Curious what all the fuss is about with Public Service Loan Forgiveness? We answer your top questions, including whether forbearance on your loans in 2020 will impact your tax return.
1. What is Public Service Loan Forgiveness (PSLF)?
Public Service Loan Forgiveness is a federal program many people rely on to have their student loan balances forgiven. Under the program, you can qualify for PSLF if you meet all of the following criteria:
- you have a direct loan
- work full-time in the public sector
- make 120 qualifying monthly payments under an income-driven repayment plan
Once you check off all of the requirements, your federal loans can be forgiven. And they’re forgiven tax-free.
2. What type of employment qualifies?
It’s not about the type of job you have; it’s about your employer. You must work for one of the following organizations to qualify:
- government organizations at any level (U.S. federal, state, local, or tribal)
- non-profit organizations that are tax-exempt under Section 501(c)(3)
- AmeriCorps or Peace Corps (as a full-time volunteer)
Unfortunately, you do not qualify for PSLF if you work for:
- labor unions
- partisan political organizations
- for-profit organizations, including for-profit government contractors
3. Do private loans qualify for PSLF?
Sadly, student loans from private lenders do not qualify for PSLF. Only Federal Direct Stafford Loans (subsidized and unsubsidized), Federal Direct PLUS Loans, and Federal Direct Consolidation Loans qualify.
And if you choose to consolidate your loans, only qualifying payments made on the new Direct Consolidation Loan are counted toward the 120 payments required for PSLF. Any payments made prior to the loan consolidation do not count.
4. How do I apply for PSLF?
There are two different scenarios when it comes to applying for Public Service Loan Forgiveness.
- You already made 120 qualifying payments. If this is you, you must complete the Public Service Loan Forgiveness: Application for Forgiveness to apply. Find the PSLF application and additional instructions at the Federal Student Aid
- You are working toward making 120 payments. If you are still actively working toward checking off your 120 payments, you must complete and submit the Public Service Loan Forgiveness: Employment Certification annually or when you switch employers.

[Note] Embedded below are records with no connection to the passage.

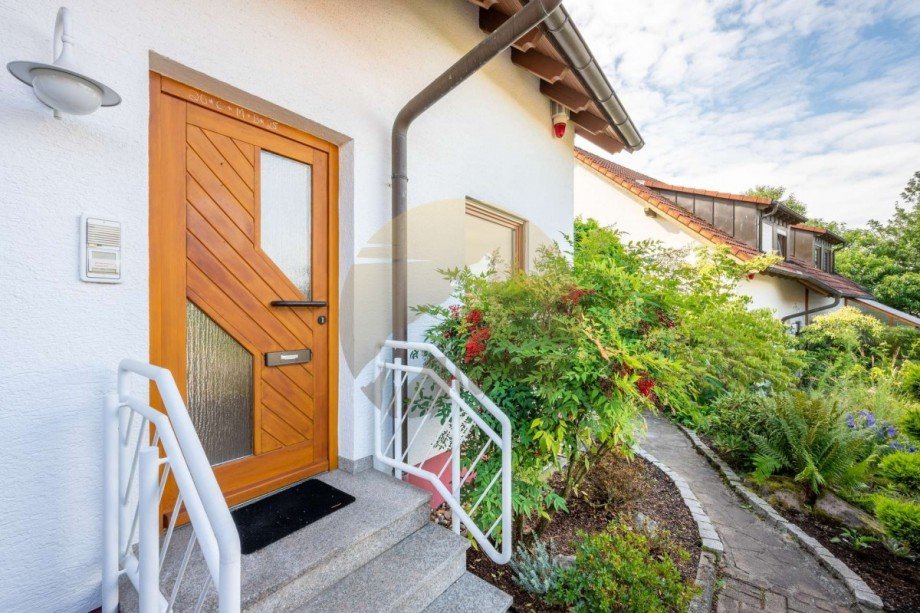 haus-gaggenau-winkel-aussenansicht-wolf-immobilien Doppelhaush�lfte Gaggenau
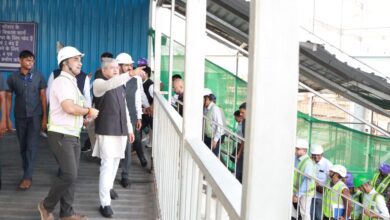 Photo of रेलमंत्री वैष्णव ने की अहमदाबाद स्टेशन के पुनर्विकास और हाई स्पीड रेल परियोजना की प्रगति की समीक्षा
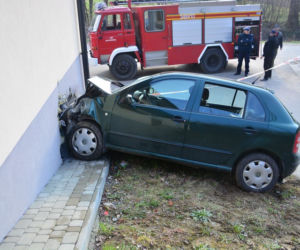 Tragiczny wypadek na Podkarpaciu. Samochód uderzył w budynek mieszkalny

5. Are the forgiven loans taxable?
Good news! Any qualifying loan money forgiven under PSLF is not considered income or taxed as such. You do not need to worry about paying any federal income tax on that money.
6. How did the CARES Act relief affect loans under PSLF?
In March, the CARES Act temporarily suspended all payments on U.S. Department of Education (ED) held federal student loans and the accrual of interest on those loans until Sept. 30, 2020. Recently, the president signed an executive order to extend that date to Dec. 31, 2020. The suspension is an automatic suspension, meaning if you have qualifying federal student loans, you do not have to do anything for the suspension to go into effect. You can, however, continue to make your regular payments if you desire.
When it comes to the PSLF program, even though the repayment of most federal loans is on hold, your ability to qualify for PSLF is not. How does that work exactly? Well, it’s quite simple. If you have a Direct Loan and continue to work full-time for a qualifying employer during the suspension period, you will continue to receive credit toward PSLF as if you made normal, on-time monthly payments.
7. How does the suspension of my student loan payments affect my 2020 tax return?
The short answer? It really doesn’t. There is no penalty or last-minute payback system in place after the clock strikes midnight on Dec. 31, 2020. You shouldn’t expect to report anything different on your return than you normally do.
The only thing that likely will look slightly different is the amount of student loan interest you can deduct. Being the CARES Act reduced all interest rates on direct loans to 0% during the suspension period, your student loan interest deduction may be much smaller this year. Financially speaking, however, continuing to pay down your student loans during this time (if you can make it work) is a much better option for you than any tax benefit you’d get from writing off a greater amount of interest. That’s because any money you pay at this time goes directly toward paying down the principal amount on your loan rather than being divided between that and your interest balance.
To answer more of your PSLF questions, check out the Public Service Loan Forgiveness FAQ. For additional information on the CARES Act student loan relief, visit .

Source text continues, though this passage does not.